Crime & Justice

Trial of alleged mastermind behind Berta Cáceres’ murder begins

Tegucigalpa, Apr 6 (efe-epa).- The trial of an alleged mastermind behind the 2016 murder of award-winning environmentalist Berta Cáceres began in Honduras on Tuesday.

Cáceres, a winner of the prestigious Goldman Environmental Prize, was shot dead in her La Esperanza home by armed intruders five years ago. Her Mexican friend Gustavo Castro was also shot but played dead and survived.

The activist had campaigned against the Agua Zarca hydroelectric dam project developed by Desarrollos Energéticos (Desa) over concerns of threats to the environment and indigenous Lenca communities.

Four of eight defendants in the case were each sentenced in December 2019 to 34 years in prison for the murder of Cáceres and 16 years for the attempted murder of Castro.
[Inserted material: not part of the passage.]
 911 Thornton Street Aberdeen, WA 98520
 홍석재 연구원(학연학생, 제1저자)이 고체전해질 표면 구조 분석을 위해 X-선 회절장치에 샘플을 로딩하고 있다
Three others were sentenced to 30 years in prison as co-perpetrators of the crime.

The trial began in a Tegucigalpa court after a more than three-hour delay in the transfer of former Desa president, former military intelligence officer and alleged “intellectual author” of the crime, Roberto David Castillo.

Cáceres’ daughter Laura Zúñiga and international observers were unable to enter the courtroom, according to trial monitor Qualified Observation Mission.

“We know that this process can open the doors (…) for the conclusion of the responsibility of those who paid and ordered the crime,” another daughter of Cáceres, Bertha Zúñiga, told EFE.

Zúñiga, coordinator of the Civic Council of Popular and Indigenous Organizations of Honduras (COPINH), said that the trial is also an opportunity to “reconstruct the events” that occurred on the day that Cáceres was assassinated.

“(We hope) for truth, for justice and to contribute to the guarantee of non-repetition of these crimes” against the defenders of territories and natural resources, she added.

“(We also hope to) break a little the structural impunity that exists in our country and that protects those people who are economic and political leaders.”

One of the Cáceres family’s lawyers, Víctor Fernández, told Efe that the murder is related to “acts of corruption, human rights violations, other murders and to the corrupt concession model that exists in the country.”

He said that he hopes that the trial will be carried out with a “gender and human rights perspective,” because the victim was a woman and this was “an element that favored the criminals to execute her.”

Cáceres’ mother Austra Berta Flores, her brothers and the Association for a More Just Society urged the court for “prompt justice, impartiality and judicial independence.”

They also expressed concern for about the upcoming expiration of preventive detention of Castillo, since he could “go free, flee the country or take his life to avoid further investigations and stop any process against the other intellectual authors” of the murder.